Der ESC, oder eben damals der Grand Prix, gehörte zu der typischen Auswahl der Familien-TV-Events: Grand Prix, Wetten dass?, Fussball WM, Wimbledon, immer mal wieder Formel 1… Der ESC war natürlich für mich, als Musiker, der bereits seit er fünf ist klassisch Cello spielt, sehr besonders, da es um Musik geht. Ich kann mich natürlich nicht in der Masse der Kindheitserinnerungen an alle Details erinnern. Aber das Gefühl der Aufregung, des Mitfieberns, aber insbesondere des Überwindens von menschengemachten Grenzen, durch die Universal-Sprache der Musik, hat mich immer fasziniert. und das tut es bis heute. Ich habe selten mit einem einzelnen Act mitgefiebert, und Patriotismus liegt mir fern, ergo musste es nicht zwangsläufig der deutsche Act sein. Aber dieses Zusammenkommen und vor allem die unglaublichen Umsetzungen der Shows, die waren mein Leben lang inspirierend für mich. Nicht ohne Grund ist der ESC die Speerspitze aller Musik-Show-Veranstaltungen.
Konntet ihr eure Konkurrenz schon persönlich kennenlernen und wenn ja, wie liefen die Treffen ab?

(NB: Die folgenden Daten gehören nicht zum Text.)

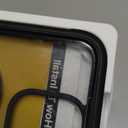 Miracase Magnetic for iPhone 15 Pro Max Case 6.7'' [Compatible with Magsafe] FullBody Drop Proof Bumper Phone Case for iPhone 15 Pro Max with Builtin 9H Tempered Glass Screen Protector,Black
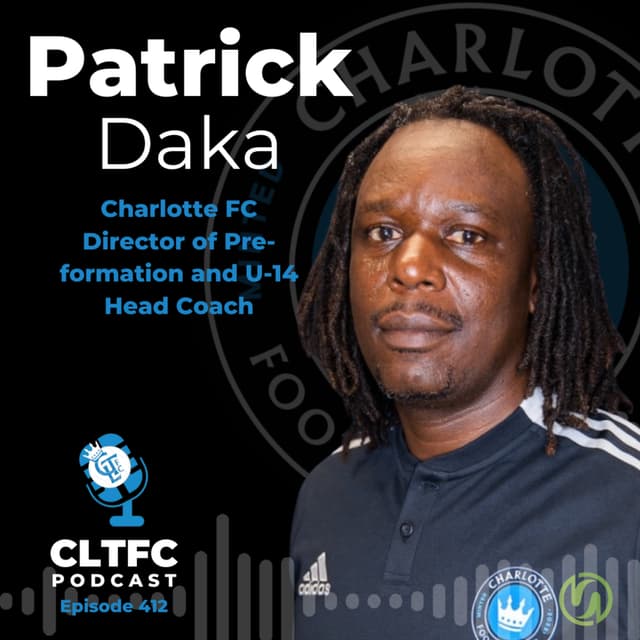 Patrick Daka, Charlotte FC Director of Preformation and U-14 Head Coach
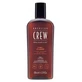 American Crew 3 en 1, formato de viaje: champú, acondicionador y gel de ducha para el cabello y el cuerpo (100 ml), revitalizante, hidratante y calmante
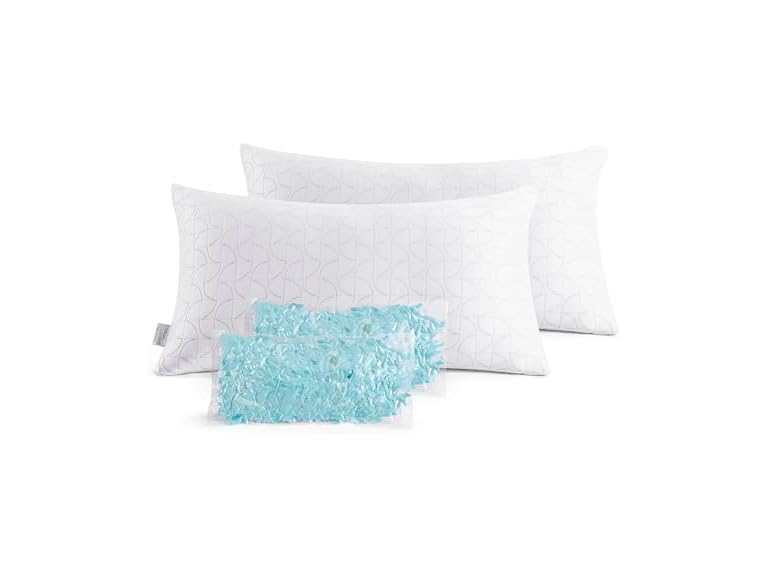 Casual Living Cooling Bed Pillow, Set of 2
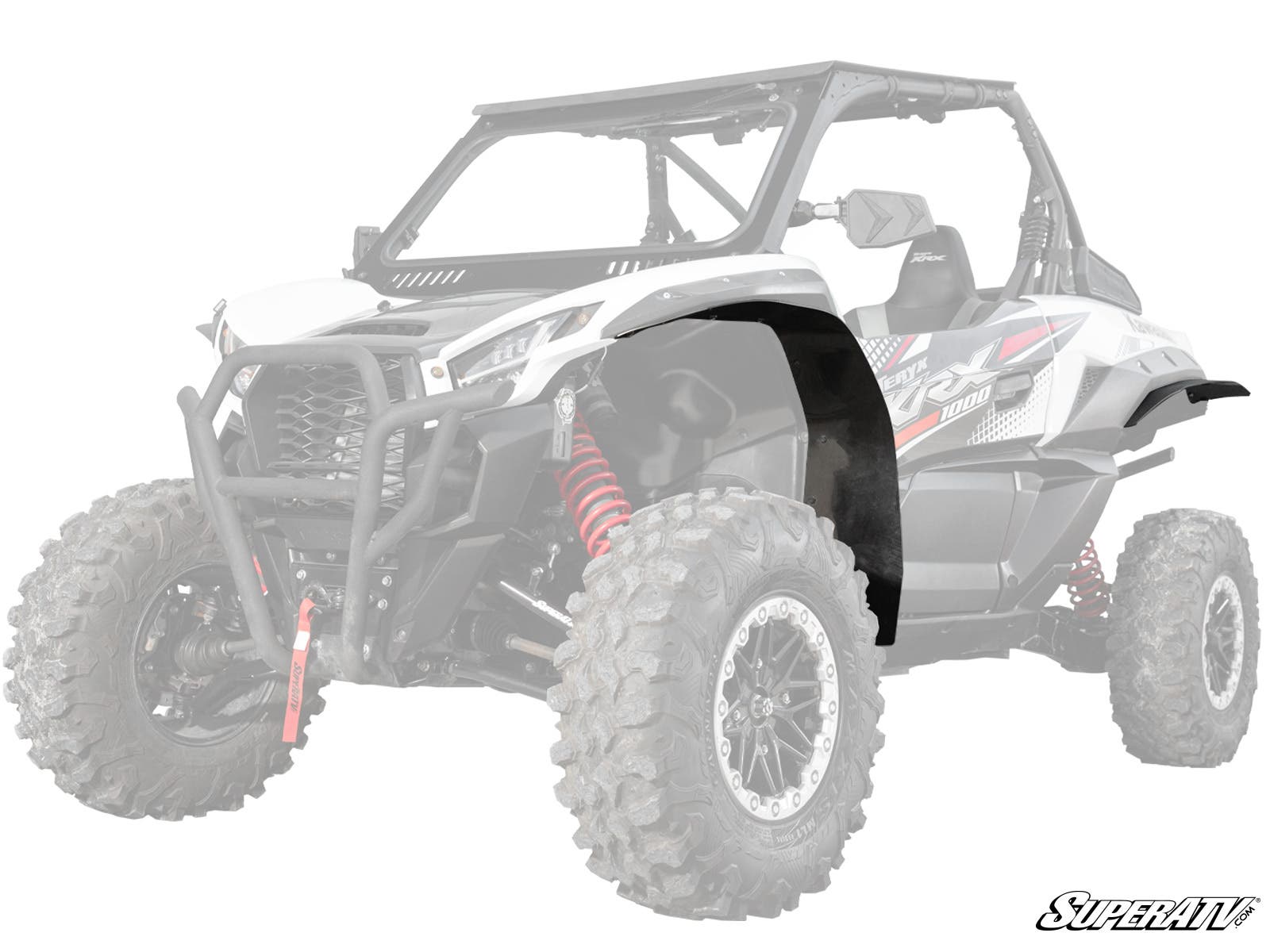 Photo of SuperATV Kawasaki Teryx KRX 1000 Low Profile Fender Flares by SuperATV - Premium Fenders & Fender Guards for UTVs / Side by Sides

Vorweg: ich wehre mich nach wie vor gegen das Wort „Konkurrenz“. Und es gibt für mich auch keine Verlierer, es gibt nur eben den einen Act, der am Ende am meisten Menschen, und der Jury, gefallen hat – und somit weiterkommt. Klingt ein wenig nach dem Mini-Playback-Show-Motto „wir sind alle Sieger, auch wenn einer nur gewinnen kann“, aber das ist tatsächlich mein Credo, was den ESC angeht. Aber zur Frage: Ich kenne die Band hinter Patty Gurdy, die aus Teilen von Subway to Sally besteht, langjährige Freunde von mir. Alle anderen habe ich bisher nur über Social Media gesehen und mit dem ein oder anderen Artist auch schon schriftlich kommuniziert, maßgeblich in Form von gegenseitigen Respektsbekundungen in Kommentarfeldern. That’s the spirit! Ich wünsche allen, dass sie weiterkommen, das meine ich ganz genau so! Auch wenn das natürlich nicht geht. Aber alle haben dafür gearbeitet, mit all ihrer Liebe.

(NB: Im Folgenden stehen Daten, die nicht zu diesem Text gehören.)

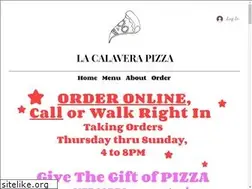 Sites similar to lacalaverapizza.com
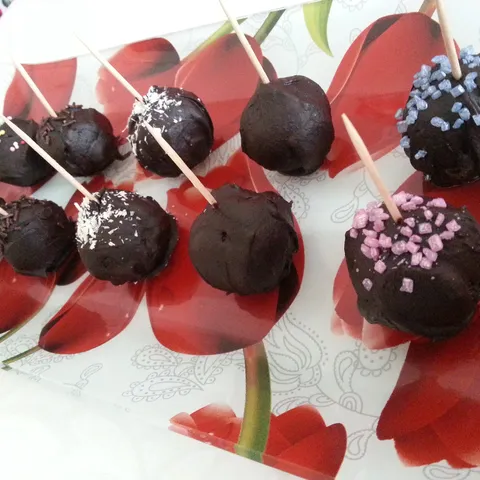 Oreo Cake pops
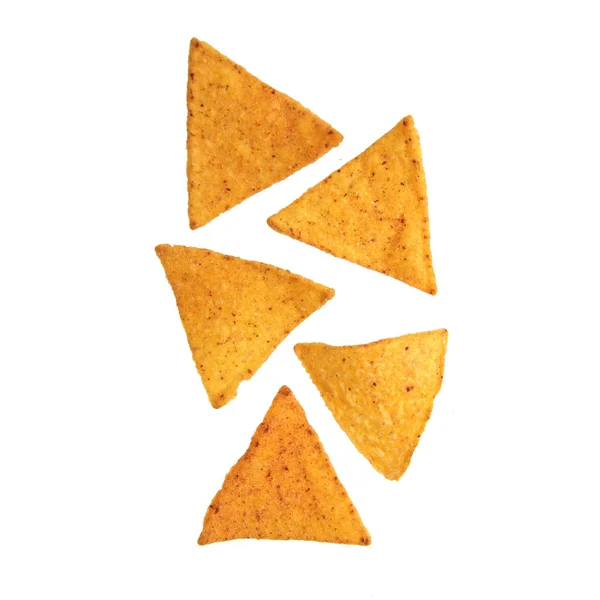 Вкусные чипсы — стоковое фото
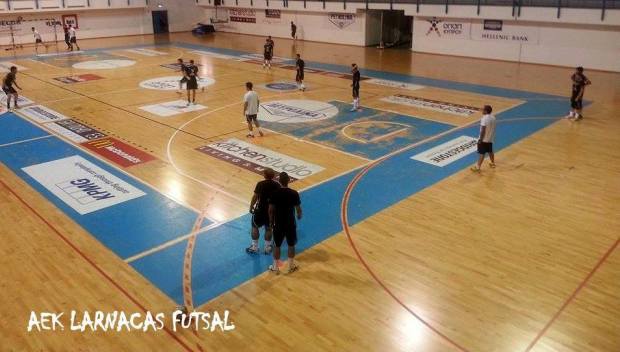 AEK FUTSAL: Επίσημη έναρξη της προετοιμασίας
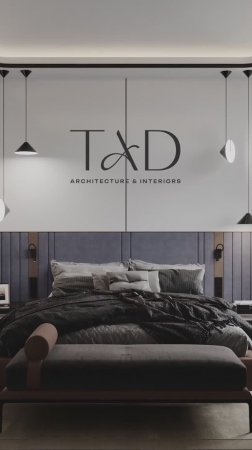 💥 ДИЗАЙН ИНТЕРЬЕРА СОВРЕМЕННОЙ СПАЛЬНИ 💥 от TAD studio
#shorts #interior #интерьер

Du hast so recht! Dieses Wort wird sofort aus meinem Wortschatz gestrichen. Obgleich auch ich gerne alle Acts auf einmal nach Liverpool schicken würde, wird es am Ende nur einer schaffen. Stell dir vor, Barbara hat gerade verkündet, dass ihr dieser eine Act seid, der für Deutschland nach Liverpool fahren wird, wie würdest du reagieren?

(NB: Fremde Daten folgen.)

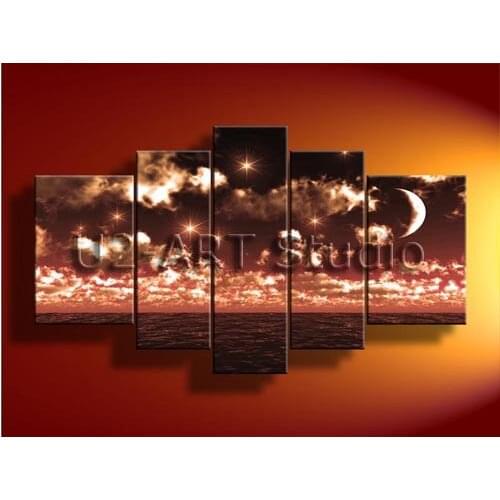 Abstract Group paintings,craft,ornament,home decorate,fine art,handmade oil painting GP25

Ich kann mir das nicht vorstellen. Und ich halte es auch für ausgeschlossen, dass wir weiterkommen. Ich kann es mir nicht vorstellen, da ich mir das selbst nicht erlaube; es fühlt sich falsch an, vermessen, zu von sich selbst überzeugt. Ich gehe mit großem Respekt und mit Demut in dieser Veranstaltung, auch wenn ich natürlich sehr stolz darauf bin, ein Teil dessen sein zu dürfen. Mir aber im Detail diese Dinge auszumalen, bekomme ich mit meinem Mindset nicht hin. Ich bin kein Schach-Stratege, der alle eventuellen Züge versucht, vorherzusehen – außer, wenn ich Schach spiele. Ich versuche nur, zu jeder Zeit, in genau diesem Moment, jetzt, hier, das Richtige zu tun.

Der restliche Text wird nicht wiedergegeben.